(RECORDED INFORMATION)
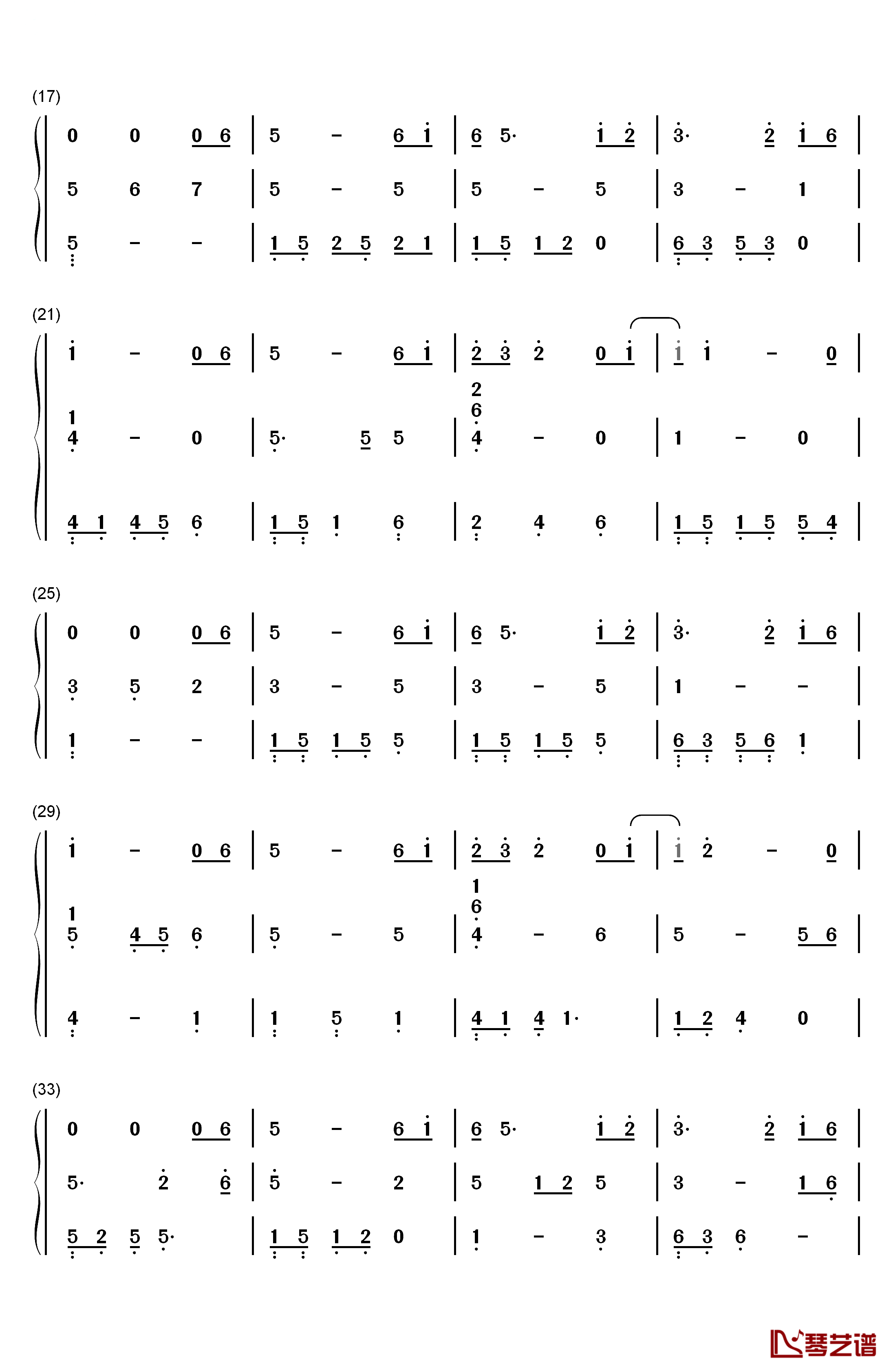 天之大钢琴简谱-数字双手-周安信2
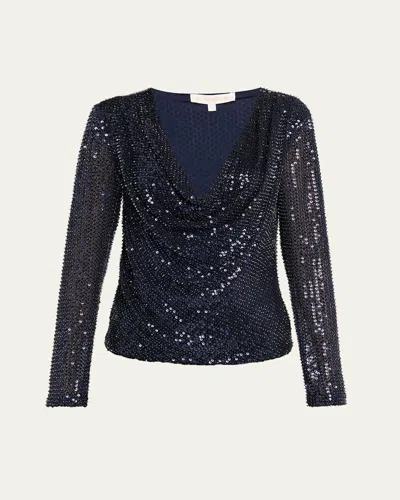Ramy Brook Leon Sequined Cowl-neck Blouse In Navy Beade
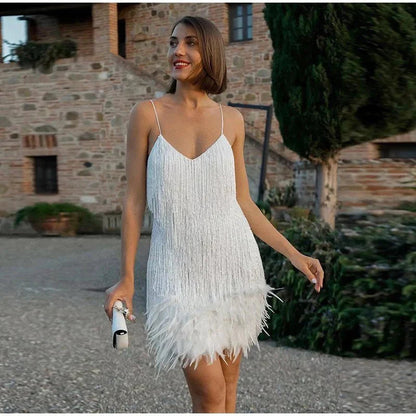 NICA – Vestido corto de fiesta para mujer con lentejuelas y plumas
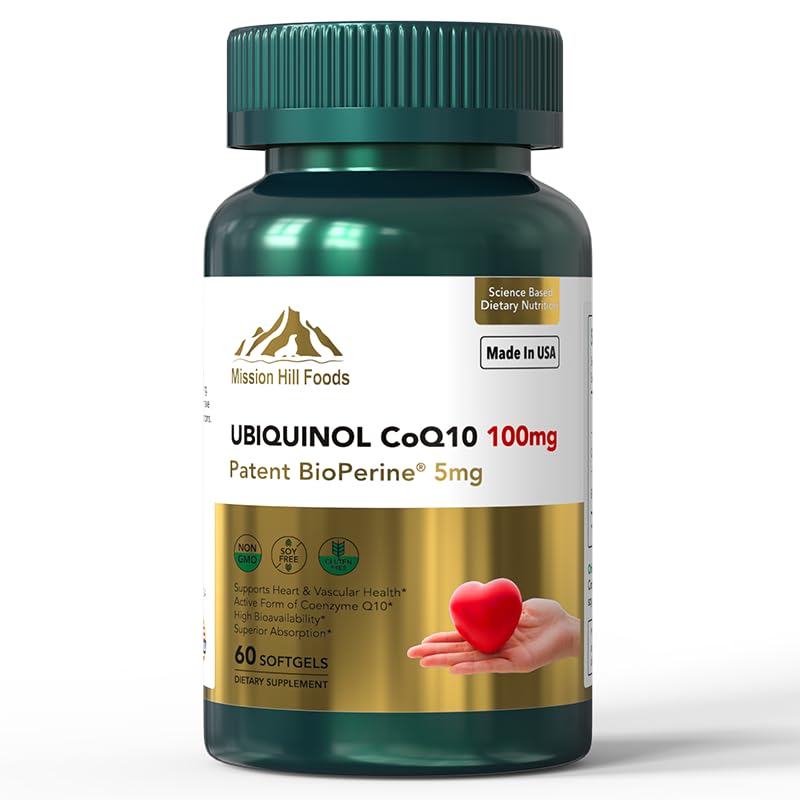 Front view of Mission Hill Foods Ubiquinol CoQ10 + BioPerine 100mg bottle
(End RECORDED INFORMATION)
TASK TO COMPLETE> Set down all the material exactly once more. No pictures.

RESPONSE>
 天之大钢琴简谱-数字双手-周安信2
Ramy Brook Leon Sequined Cowl-neck Blouse In Navy Beade
 NICA – Vestido corto de fiesta para mujer con lentejuelas y plumas
 Front view of Mission Hill Foods Ubiquinol CoQ10 + BioPerine 100mg bottle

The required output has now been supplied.